JetBlue Airways Corporation today reported its results for the first quarter 2015:

Operating income of $253 million in the first quarter. This compares to operating income of $41 million in the first quarter of 2014

Pre-tax income of $222 million in the first quarter. This compares to pre-tax income of $6 million in the first quarter of 2014.

Net income of $137 million, or $0.40 per diluted share. This compares to JetBlue’s first quarter 2014 net income of $4 million, or $0.01 per diluted share.
Financial Performance

JetBlue reported record first quarter operating revenues of $1.5 billion. Revenue passenger miles for the first quarter increased 11.1% to 9.6 billion on a capacity increase of 9.6%, resulting in a first quarter load factor of 84.3%, an increase of 1.2 points year over year.

Yield per passenger mile in the first quarter was 14.64 cents, up 3.1% compared to the first quarter of 2014. Passenger revenue per available seat mile (PRASM) for the first quarter 2015 increased 4.5% year over year to 12.33 cents and operating revenue per available seat mile (RASM) increased 3.0% year over year to 13.34 cents.

Operating expenses for the quarter decreased 2.9%, or $38 million, over the prior year period. Interest expense for the quarter declined 8.9%, or $3 million, as JetBlue continues to reduce its debt. JetBlue’s operating expense per available seat mile (CASM) for the first quarter decreased 11.3% year over year to 11.13 cents. Excluding fuel and profit sharing, first quarter CASM1decreased 1.9% to 7.95 cents.

Operational Performance

Despite a series of winter storms, which created operational challenges, system on time departures, or D0, improved 1.8 points year-over-year in the first quarter. System arrival performance, or A14, also improved 1.4 points.

“We posted strong first quarter results based on healthy demand across our network and a continued focus on cost control. Our 16,500 crewmembers delivered great customer service despite the challenges presented by winter storms. I’d like to thank all our Crewmembers for their hard work. They truly inspired humanity during this busy winter period.” said Robin Hayes, JetBlue’s President and CEO.

Fuel Expense and Hedging

In the first quarter JetBlue had hedges in place for approximately 21% of its fuel consumption. This resulted in a realized fuel price of $2.06 per gallon, a 34% decrease versus first quarter 2014 realized fuel price of $3.14. JetBlue recorded $35 million in losses on fuel hedges settling during the first quarter.

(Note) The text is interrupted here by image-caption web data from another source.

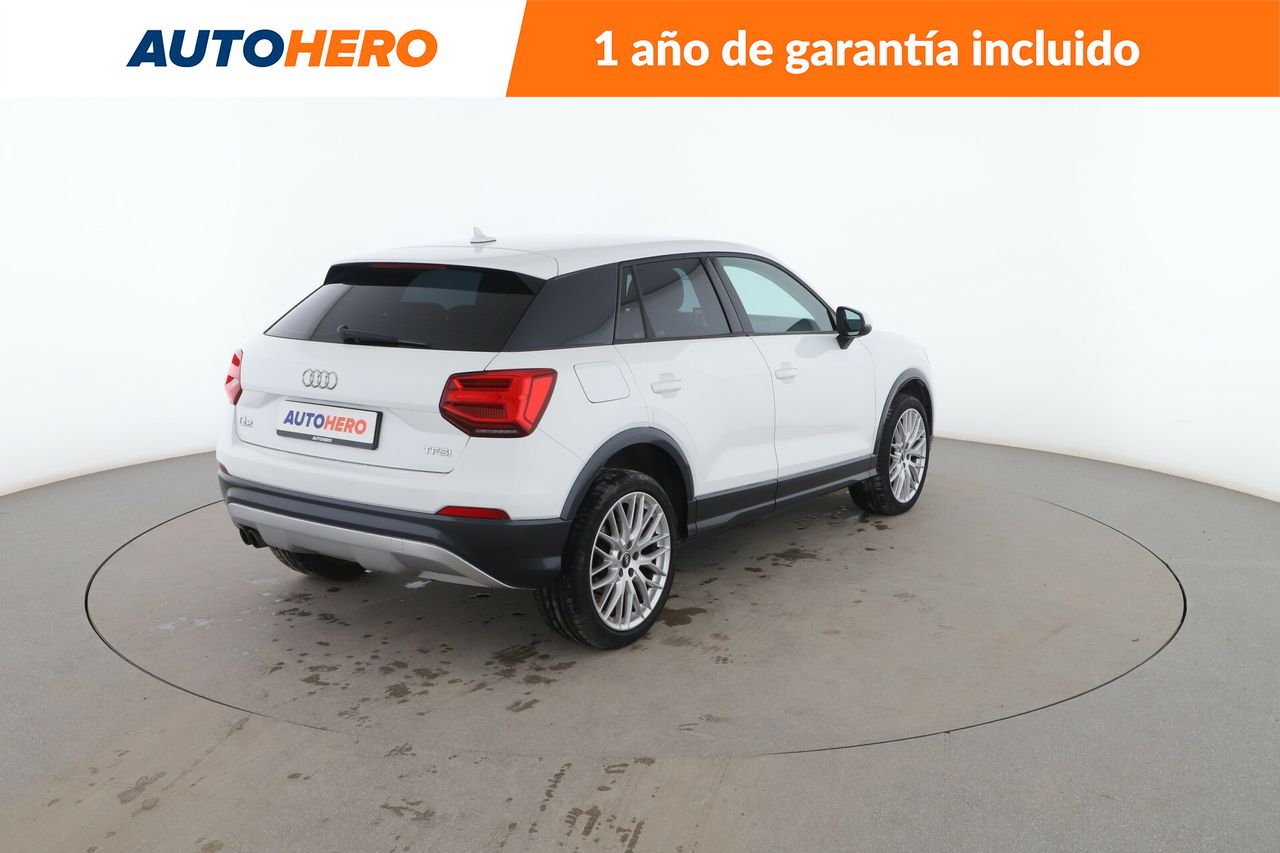 Foto Audi Q2 6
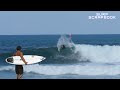 Barron Mamiya, Kelly Slater, Shion Crawford, Finn McGill surf some of the best Haleiwa of the year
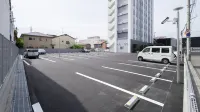 Super Hotel Imabari - parcheggio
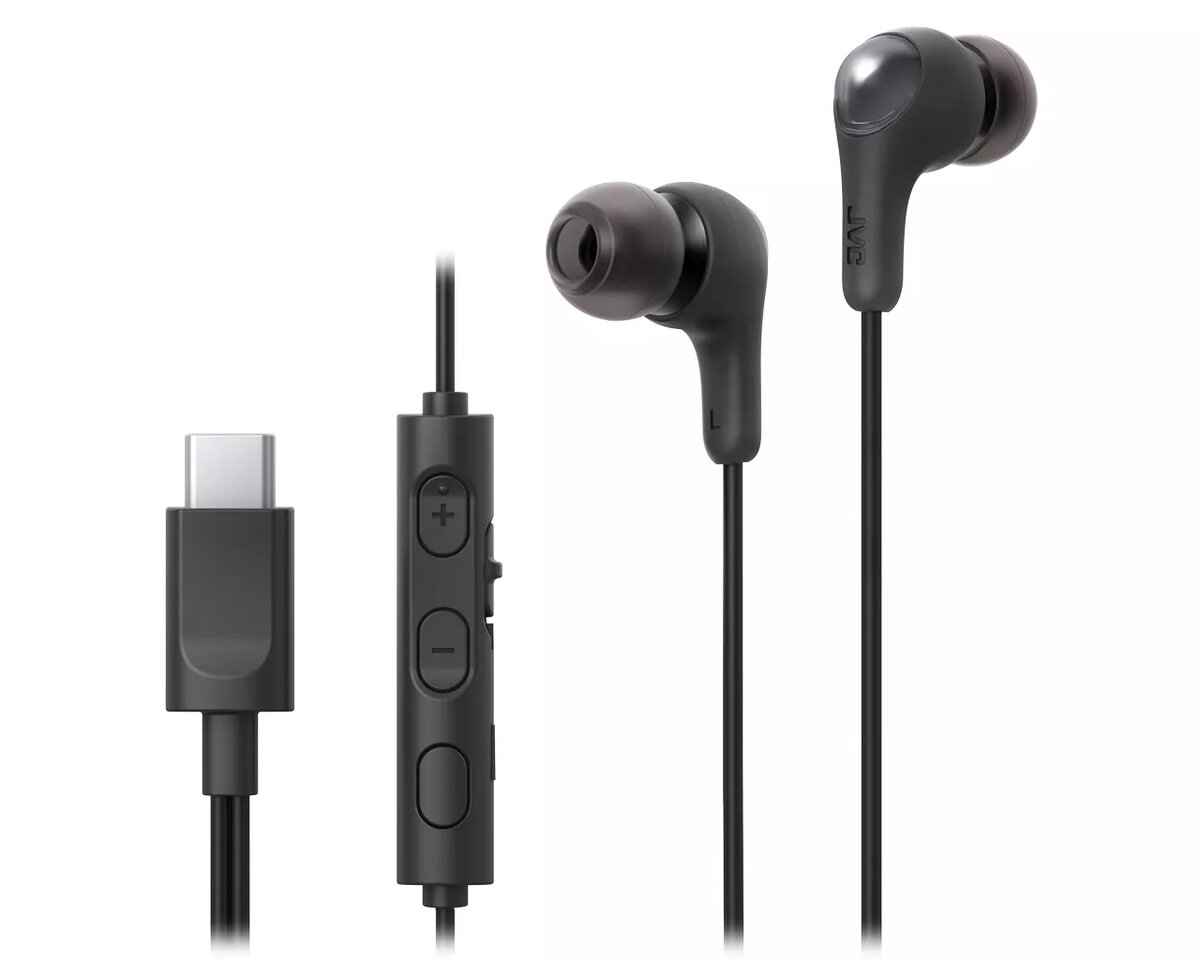 Vadu in-ear austiņu komplekts JVC HA-FR9UC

JetBlue has hedged approximately 20% of its second quarter 2015 projected fuel requirements using a combination of jet fuel swaps and collars. Based on the fuel curve as of April 20th, JetBlue expects an average price per gallon of fuel, including the impact of hedges and fuel taxes, of $2.11 in the second quarter. For the balance of the year beyond the second quarter, JetBlue has hedged approximately 14% of projected fuel consumption.

Liquidity and Cash Flow

JetBlue ended the quarter with approximately $1 billion in unrestricted cash and short term investments, or about 17% of trailing twelve month revenue. In addition, JetBlue maintains $600 million in undrawn lines of credit.

During the first quarter, JetBlue repaid approximately $55 million in regularly scheduled debt and capital lease obligations. JetBlue anticipates paying approximately $216 million in regularly scheduled debt and capital lease obligations during the remainder of 2015 and plans to continue to opportunistically prepay other debt. JetBlue expects to pay approximately $43 million in regularly scheduled debt and capital lease obligations in the second quarter of 2015.

“JetBlue had a strong first quarter despite challenging winter weather conditions.” said Mark Powers, JetBlue’s Chief Financial Officer. “As we look forward, we expect to implement the return accretive initiatives we outlined at Investor Day and improve the balance sheet while continuing to reinvest in our business.”

Second Quarter and Full Year Outlook

For the second quarter of 2015, CASM excluding fuel and profit sharing is expected to increase between 1.0% and 3.0% versus the year-ago period. Excluding fuel and profit sharing, CASM for the full year 2015 is forecasted to grow between zero and two percent year over year.

Capacity is expected to increase between 5.5% and 7.5% in the second quarter 2015 and between 7.0% and 9.0% for the full year, in line with prior guidance.